Automatic Damage Segmentation Framework for Buried Sewer Pipes Based on Machine Vision: Case Study of Sewer Pipes in Zhengzhou, China

Abstract

Aging buried sewer pipes are at risk of rupture, corrosion, scaling, and other damages, and they may cause urban waterlogging, road collapse, environmental pollution, and other urban safety problems. Therefore, it is very important to accurately detect and segment sewer pipe damages regularly for safety evaluation. This paper proposes an intelligent damage detection method to segment and measure five types of sewer pipe damages, namely, staggered joints, deposits, corrosion, scaling, and fracture, leveraging a fine-tuned fully convolutional network (FCN) algorithm. A case study on Zhengzhou’s sewer pipes is conducted. Then, a dataset of 3,558 images is built, and the images are collected from Zhengzhou’s sewer pipes. Subsequently, the encoder of the FCN is replaced with a pretrained VGG-19, and the upsampling part has spatial and channel squeeze and excitation (SCSE) modules added. The evaluation matrix of the pixel accuracy (PA), mean pixel accuracy (MPA), mean intersection over union (MIoU), and frequency weighted intersection over union (FWIoU) of the proposed method is 91.42%, 81.44%, 73.65%, and 87.16%, respectively. Subsequently, damage areas are measured at a pixel level to quantify the pipe damage.

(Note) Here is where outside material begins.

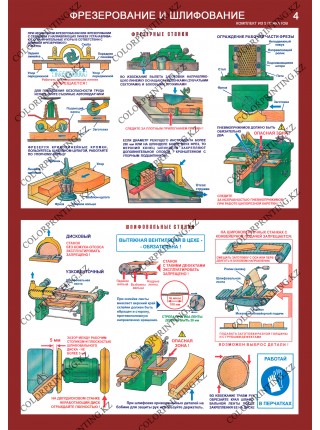 Безопасность труда при деревообработке - комплект из 5 плакатов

Compared with the existing mask region-based convolutional neural networks (RCNN) method, the proposed FCN-based method shows effective performance for multiple and similar sewer pipe damage detection under complex backgrounds. Moreover, a real-time damage detection platform for sewer pipes is proposed, realizing the data uploading, data storage, data analysis, and data visualization.